Duygusal olgunlaşmamışlık

Duyguları bir şekilde sarsılmış ya da tam olarak gelişmemiş kişilerin terk edilme olasılığı karşısında çaresizlik hissetmeleri yaygındır. Partnerin hayatın diğer alanlarında bir tür duygusal teselli olarak karşımıza çıktığı senaryolarda bu durum daha da ciddi bir hal alabilir.

Ayrıca, duygusal olgunlaşmamışlık konusunda, terk edilme sendromundan kaynaklanan ve iki kişi arasında gereksiz bir mesafe yaratabilecek dürüst diyaloğun zorluğunu vurgulamak önemlidir.

Terk edilme sendromu nasıl tedavi edilir?

Terk edilme sendromu tedavisi bir egzersizdir ve bir psikolog yardımıyla yapılmalıdır. Kişinin kendi olumlu yeteneklerini tanımasından oluşur. Bu nedenle, güven oluşturma bu tedavinin ana noktasıdır ve psikolojik refaha ulaşmanın en iyi yoludur. Bu nedenle kullanılabilecek çeşitli teknikler vardır.

Aşağıda, bazıları hakkında daha fazla ayrıntı yorumlanacaktır. Bu konuda daha fazla bilgi edinmek istiyorsanız, makaleyi okumaya devam edin.

Kendini sevmek

Öz-sevgi oluşturmak zor bir süreçtir. Başkalarının yargılarından bağımsız olarak iyi bir öz-imaja sahip olmak, birçok insanın sürekli karşılaştığı bir zorluktur.
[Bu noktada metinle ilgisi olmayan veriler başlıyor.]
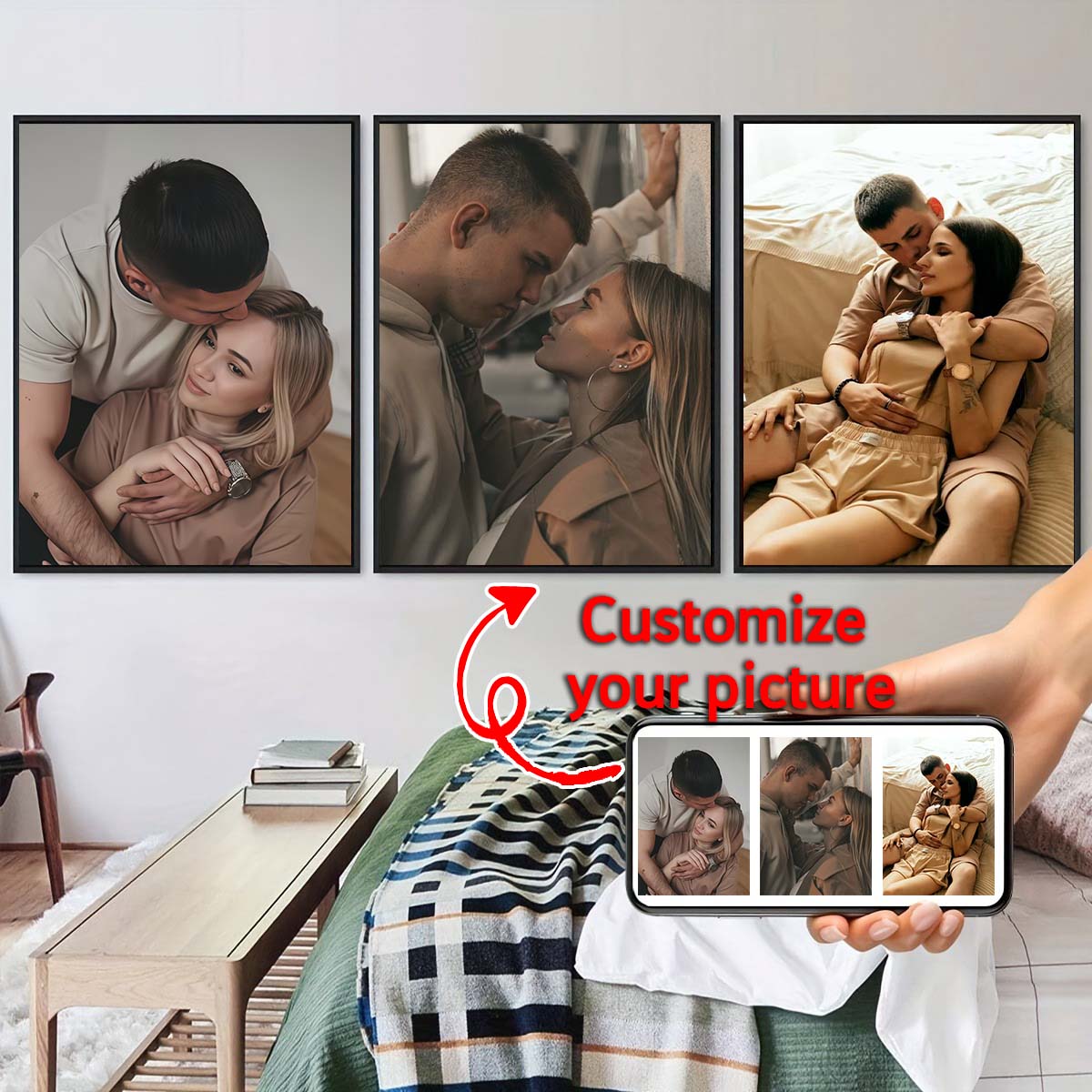 Triptych - 2D custom photo woo - Home Of Textiles review and price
Bu, gerçekte kim olduğunuza dair şüpheler yaratır ve ilişkileri bir tür koltuk değneği haline getirir.

Bu nedenle, monofobiyi tedavi etmek için öz-sevgi geliştirilmelidir. Ancak öz-sevgi sayesinde birey yaşam koşullarıyla başa çıkmak için daha fazla güvene sahip olacak ve mutlu olmak için başkasına bağımlı olmayacaktır.

Aile desteği

Monofobiden muzdarip bir kişinin aile üyeleri tedavide temel bir rol oynar çünkü kişinin kendisini farklı bir şekilde görmesini teşvik etmenin bir yolunu bulmaları ve öz saygısını güçlendirmek için kendisi hakkındaki algısını etkilemeleri gerekir.
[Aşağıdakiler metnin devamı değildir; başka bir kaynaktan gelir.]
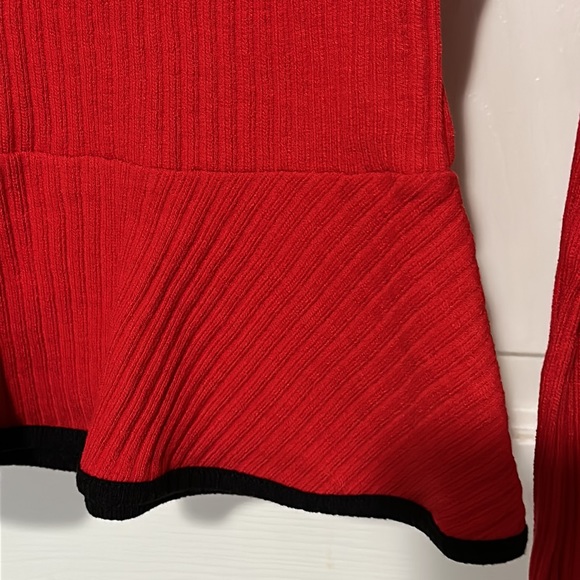 Zara Trafaluc Collection peplum sweater - Picture 4 of 6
Bu sayede, krizleri sırasında benimsediği yıkıcı davranışları bir kenara bırakabilecek ve böylece bireyin hayatını biraz daha kolaylaştırabilecektir. Kısa süre sonra, ailenin hayatını bir bütün olarak iyileştirecektir.

Hipnoterapi

Hipnoterapi genellikle terk edilme sendromu vakalarıyla başa çıkmak için şiddetle tavsiye edilir. Bazı olumlu yönlerin güçlenmesini teşvik edebildiği ve olumsuz olanların gücünü azaltabildiği için, monofobiden muzdarip kişilerin dürtülerini biraz daha kontrol edebilmelerini sağlama eğilimindedir.
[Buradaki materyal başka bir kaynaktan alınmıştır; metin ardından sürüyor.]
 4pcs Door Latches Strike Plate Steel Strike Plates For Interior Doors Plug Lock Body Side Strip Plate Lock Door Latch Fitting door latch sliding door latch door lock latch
Hipnoterapi, sadece varsayımlara değil, emin olduğunuz şeylere inanmanız gerektiği fikrini desteklediği için bu gerçekleşir. Bu nedenle, zihninize beslediğiniz şeylerden daha güçlü olmanız gerekir.

Terapi

Terk edilme sendromunu tedavi etmek için şüphesiz terapi şarttır. Bu işlev bozukluğundan muzdarip kişilerin uyumsuz şemalarını zayıflatmak ve sağlıklı özelliklerini güçlendirmek anlamında yardımcı olabilecek birkaç farklı psikolojik tedavi seçeneği vardır.

Bu nedenle, sendromun belirtileri tespit edildiğinde, bu sorunu çözmenin ilk adımı bir terapistle kapsamlı bir konsültasyon yapmaktır. Kişisel geçmişinizi analiz edebilecek ve ardından davranışlarınızdaki uyumsuzlukları fark edebilecek, böylece bunları tedavi edebilecek ve böylece terk edilme sendromunu hafifletebilecektir.

Terk edilme sendromundan tamamen kurtulmanın bir yolu var mı?

Terk edilme sendromundan tamamen kurtulmak mümkün değildir, çünkü bu psikolojik bir süreçtir ve herhangi bir ilacı ya da basit bir tedavisi yoktur. Bu nedenle, ister terapi ister başka bir araç olsun, bu sorunlarla başa çıkmanın bir yolunu seçmek, monofobi semptomlarını kontrol altında tutmaya yardımcı olacağı için çok önemlidir.

Bu kontrol sayesinde, işlev bozukluğundan muzdarip kişi kendi düşüncelerini ve algısını kontrol altına alacak, böylece tepkilerini ve terk edilme korkusunu nasıl kontrol edeceğini bilecektir. Bu, yaşam kalitesinde önemli bir iyileşme sağlayacak ve yalnız kalma korkusu tarafından ele geçirilmesini önleyecektir.

Rüyalar, maneviyat ve ezoterizm alanında bir uzman olarak, kendimi başkalarının rüyalarının anlamını bulmalarına yardım etmeye adadım. Rüyalar, bilinçaltımızı anlamak için güçlü bir araçtır ve günlük yaşamlarımıza dair değerli içgörüler sunabilir. Rüyalar ve maneviyat dünyasına kendi yolculuğum 20 yılı aşkın bir süre önce başladı ve o zamandan beri bu alanlarda kapsamlı bir şekilde çalıştım. Bilgimi başkalarıyla paylaşmak ve onların manevi benlikleriyle bağlantı kurmalarına yardımcı olmak konusunda tutkuluyum.